Saturday, January 9, 2010

Last night, after services, I stayed to here Cory Booker, the mayor of Newark, NJ speak to our synagogue audience. Politics isn't usually my thing, but I am on the board of the synagogue and co-chair of programming, and while I had no hand in bringing Mr. Booker to speak, it is my responsibility to support, to the best of my abilities, all that we do at CBI.

In the spirit of newly blossoming friendship, I invited Kathy, who I thought might be interested because of her involvement in local politics,(we will be celebrating her victory this Sunday). She came and returned with me to my home for some good "girl talk", which is always a treat, especially on a weekend when "boy talk" usually dictates my time.

Back to the topic. All I can say is, Wow, what a speaker! If you think Obama is a good orator... for a predominately Jewish audience, I think Booker takes first prize.

To begin with, he is adorable, in a way that any mother would want to hug him. He is so, so affable, so lovable. He speaks with no notes, moving around and gesturing with his entire body. He quotes biblical phrases in Hebrew more capably than most of our own congregants-unbelievable! Each week he studies with the Lubovitcher Rabbi, Rabbi Block, who was a friend and Rabbi to my own family when I lived in Westfield.

Mayor Booker, who let us know he was a Christian, was president of the Chabad house at Oxford, and at Yale, he started, and is still a part of, a Jewish society named Eliezer.

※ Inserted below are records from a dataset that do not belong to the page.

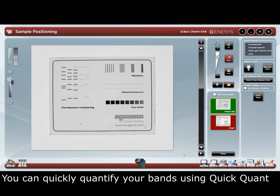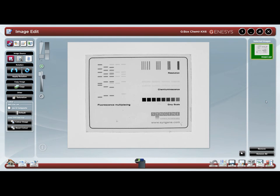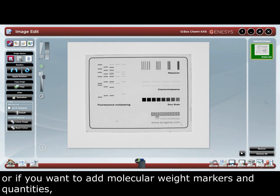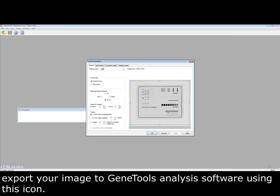You can quickly quantify your bands using QuickQuant. Or if you want to add molecular weight markers and quantities, export your image to GeneTools analysis software using this icon.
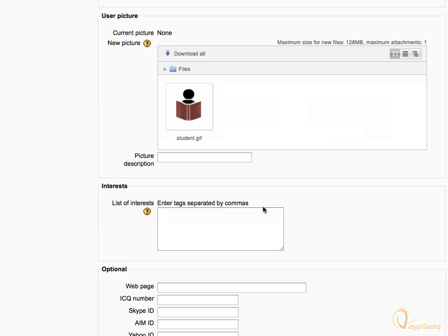Now enter your interests in the text box under interests area. Let's enter reading and basketball as your interests.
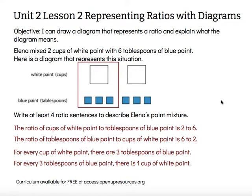We can take any ratio relationship and reverse it, but we need to make sure we reverse the words in our sentences so we're using the labels in the correct order based on how we describe the ratio. The objective says I can draw a diagram that represents a ratio and explain what the diagram means.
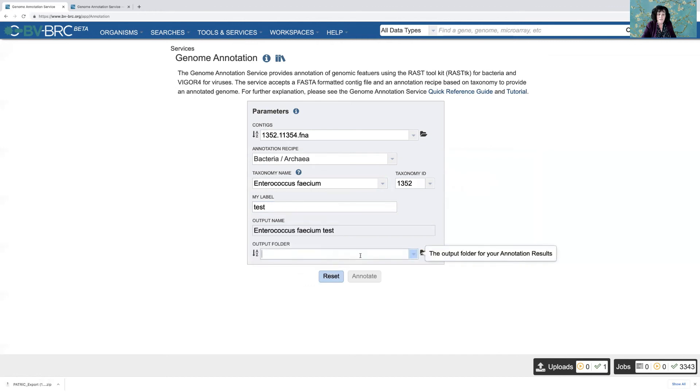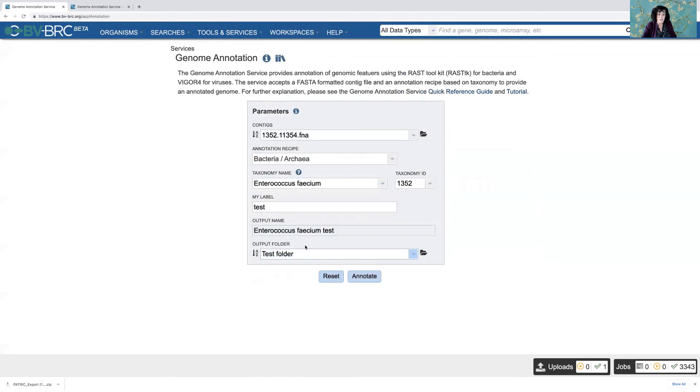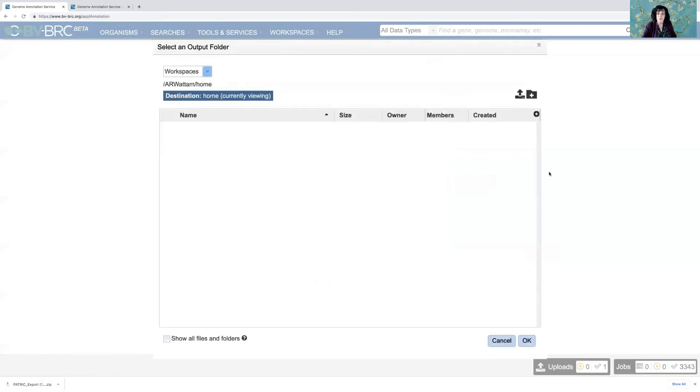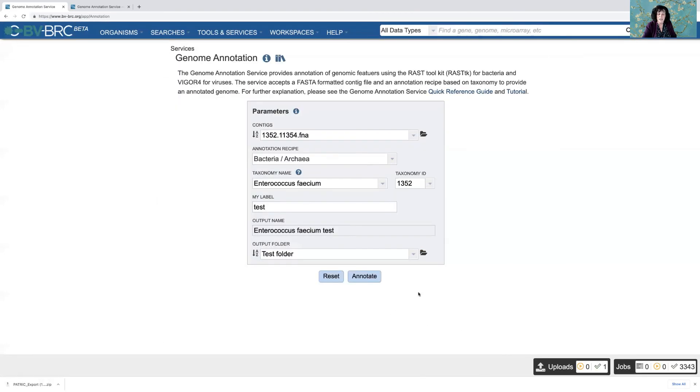But if I've done one before, I can either click down, that'll show me the most recent ones. Or I can start typing the name and get that. Or if worse comes to worst, I could create a new folder with a new name. But I don't want to do that.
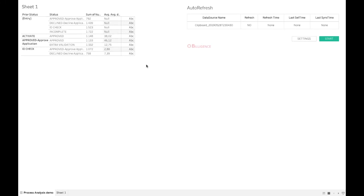Hello and welcome to another video from Billigens on Tableau extensions. Today we'll have a look at our auto refresh extension, which as its name suggests does exactly that. It refreshes the data that's on the dashboard which the extension is part of.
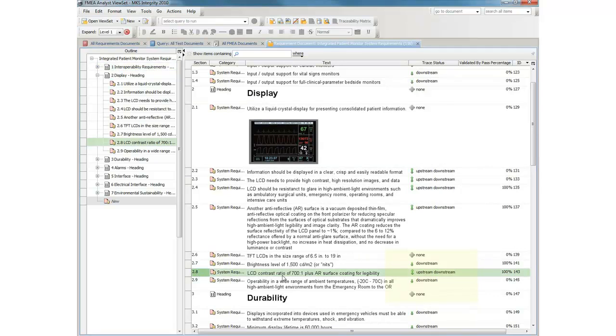For this particular requirement, we can see that there are both upstream and downstream traces. We can also see the past fail percentages of the test cases that have been executed against each requirement.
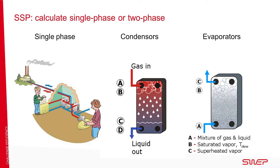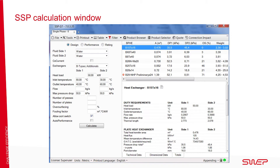The software offers three basic application types: single phase and two phase, divided into condensers and evaporators. The calculation window is easy to use. Once you have entered the temperature, flow or capacity, and type of media, the software filters out and ranks the best units in terms of cost and performance.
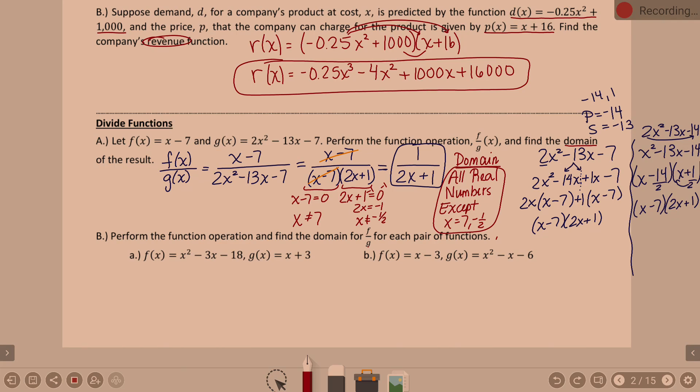Remember, denominators cannot equal zero — watch for that. This will mostly come up with division, though technically it could appear in addition, subtraction, and multiplication too.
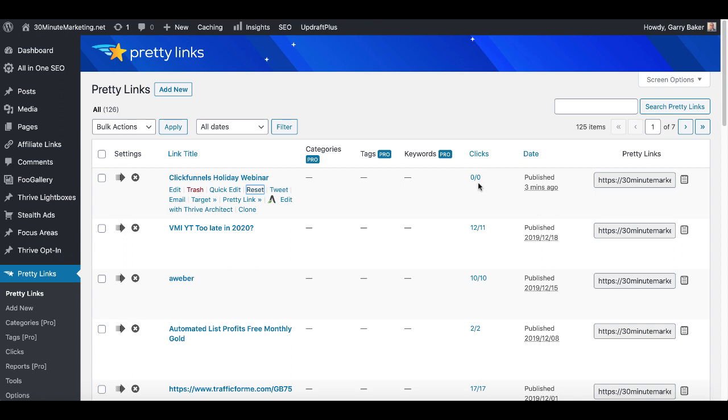So as you can see, Pretty Links inside of WordPress, great way to set up customized links from your own domain and WordPress installation to an affiliate offer. Make sure that you're tracking the links, seeing the number of clicks from where you shared those links. So if this video was helpful, give me a thumbs up. Don't forget, check the link in the description and the pinned first comment for a simple and effective step-by-step blueprint that you can use to start your own online business today.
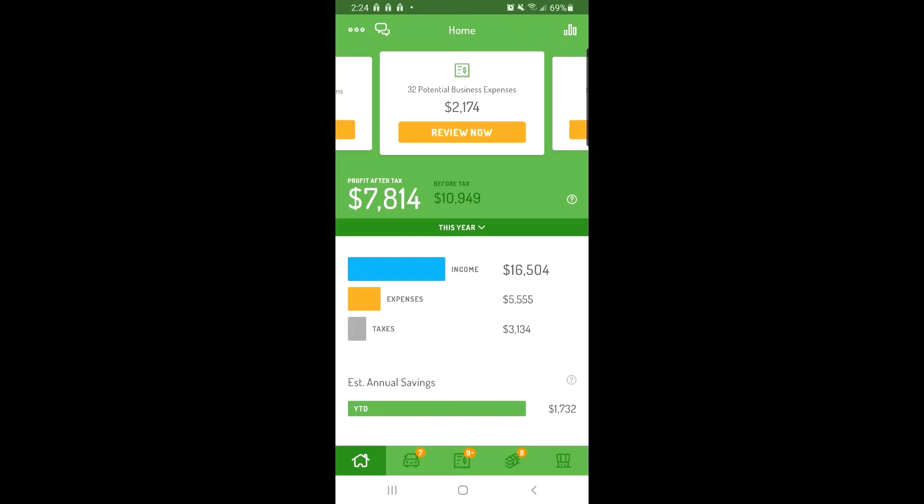To do this, download your bank statement in spreadsheet format and log into the Hurdler web app on your computer to use the CSV import feature.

As I understood it, Booker's talk was broadly about having moral courage. We must listen to our moral compasses, stand up for what we believe is just, and do the hard things to make the world a better place. Tikkun Olam, repairing the world is at the essence of Jewish teaching and it was the underlying message of his presentation.

I got depressed when I thought about all the pearls of wisdom he shared with us last night, and recognized the fact that my failing memory prohibits me from remembering most of them. (a blog for another day). But I got the gist, and that is inspiration enough. How I internalize Booker's message, and what I do with that inspiration will be the ultimate birthday present.

Mayor Booker read this Torah quote from the plaque that stands at the Lorraine Hotel, where Martin Luther King was shot.It is from the story of Jacob's son Joseph and his brothers who envied him and plotted to kill him. "They said one to another, behold here cometh the Dreamer. Let us slay him and we shall see what becomes of his dreams." (GENESIS chapter 37 verses 19 and 20

Dreams are important. They provide us material for setting lofty goals and planning strategies to reach them. However, its one thing to dream, and its a completely different thing to actualize them. To this point, the mayor said something that really resonated with me. I will paraphrase for lack of memory,
"Don't let not doing everything, stop you from doing something."

You see, I am an ideas person, not the follow-through guy. I have come to realize that the "BIG CHANGE THE WORLD STUFF", that fills my head day and night, is probably beyond my reach, and I have settled for doing my small part to make the world a better place. But there are many days when "my small part" seems wholly inadequate for the myriad of problems that plague us.

Cory Booker's gift to me was in reminding me that it takes every small step to make a big difference, and that I should continue to do what I can, even if I cannot do everything I want.

Its about time I learned this at 50!

1 comment:

  1. Thank you for inviting Kathy. She enjoyed the evening. She raved about Mayor Booker's oratorical abilities. I look forward to seeing you tomorrow.